Thank you Eric. I saw a few test fails when tcp_peek_sndq()
returned more data than we expected. I have executed the test with this
fix in a loop and it works without any problem. Without this fix, it
fails after a few iteration.

https://github.com/checkpoint-restore/criu/issues/622

> Fixes: 79861919b889 ("tcp: fix TCP_REPAIR xmit queue setup")

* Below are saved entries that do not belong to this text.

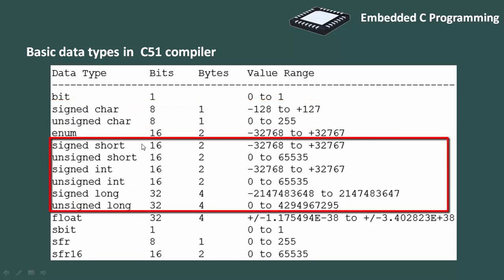Int, as the name suggests, int variable is used to store an integer. Signed short, unsigned short, signed int, unsigned int, signed long, unsigned long. All these are int data types.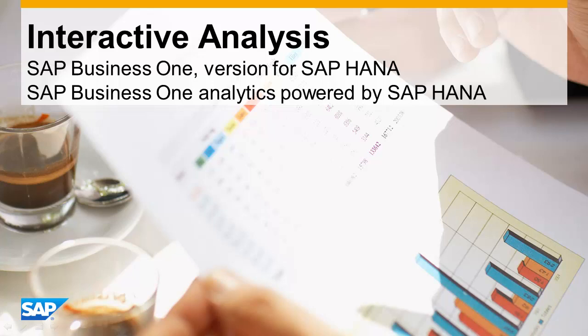With SAP Business One, version for SAP HANA, comes a powerful interactive analysis tool helping users explore and investigate more information before making decisions.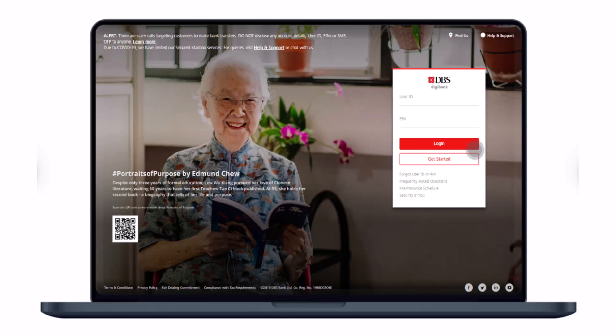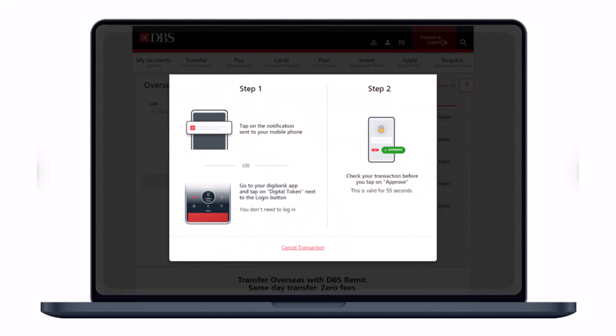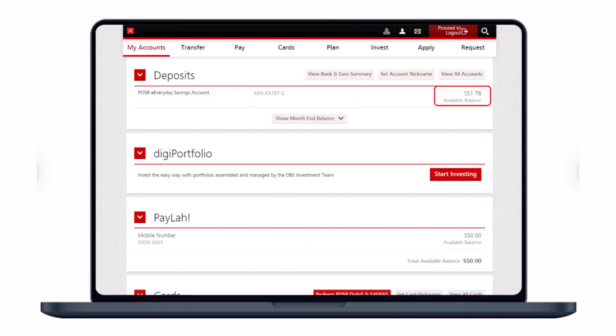First, log into the DBS online banking portal website. I'll make sure to leave the link down in the description box. Open that link and log into your iBanking account using your user ID and PIN. Step one: tap on the notification sent to your mobile number, go to your DigiBank app, and tap on Digital Token to authenticate the login process via your digital mobile banking app.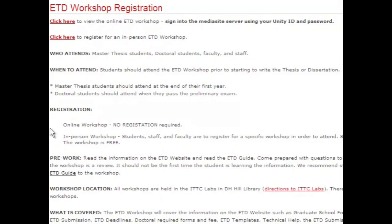In the ETD workshop, you will learn about everything ETD. I cover all the resources and tools that are available to students, staff, and faculty. In the ETD workshop, that is the best time to get clarification on graduate school formatting requirements, the process, and any other questions that you may have. Many students have shared with me that they have found it extremely helpful to hear questions that other students have asked during the ETD workshop.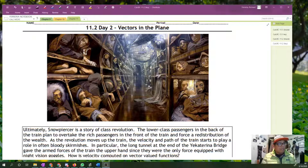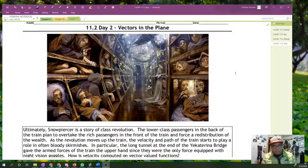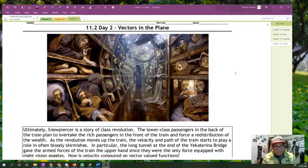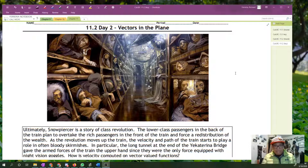Here are the cramped living quarters at the rear end of the train. This is me trying to get you into the Snowpiercer movie. Ultimately, Snowpiercer is a story of class revolution — lower class passengers in the back of the train plan to overtake the rich passengers in the front and force a redistribution of wealth. As the revolution moves up the train, the velocity and path of the train starts to play a role in the often bloody skirmishes. In particular, there is a long tunnel at the end of the Yekaterina Bridge that gave the armed forces the upper hand, since they were the only ones equipped with night vision goggles.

> Signed-off-by: Eric Dumazet <edumazet@...gle.com>
> Reported-by: syzbot <syzkaller@...glegroups.com>
> Cc: Andrey Vagin <avagin@...nvz.org>
> Cc: Soheil Hassas Yeganeh <soheil@...gle.com>
> Cc: Neal Cardwell <ncardwell@...gle.com>
> ---
>  net/ipv4/tcp_output.c | 1 +
>  1 file changed, 1 insertion(+)
> 
> diff --git a/net/ipv4/tcp_output.c b/net/ipv4/tcp_output.c
> index 730bc44dbad9363814705b28c2f91a2253d91207..ccc78f3a4b60d3012430488bdfbcfc5122ff8627 100644
> --- a/net/ipv4/tcp_output.c
> +++ b/net/ipv4/tcp_output.c
> @@ -2347,6 +2347,7 @@ static bool tcp_write_xmit(struct sock *sk, unsigned int mss_now, int nonagle,
>  			/* "skb_mstamp_ns" is used as a start point for the retransmit timer */
>  			skb->skb_mstamp_ns = tp->tcp_wstamp_ns = tp->tcp_clock_cache;
>  			list_move_tail(&skb->tcp_tsorted_anchor, &tp->tsorted_sent_queue);
> +			tcp_init_tso_segs(skb, mss_now);
>  			goto repair; /* Skip network transmission */
>  		}
>  
> -- 
> 2.21.0.rc0.258.g878e2cd30e-goog
>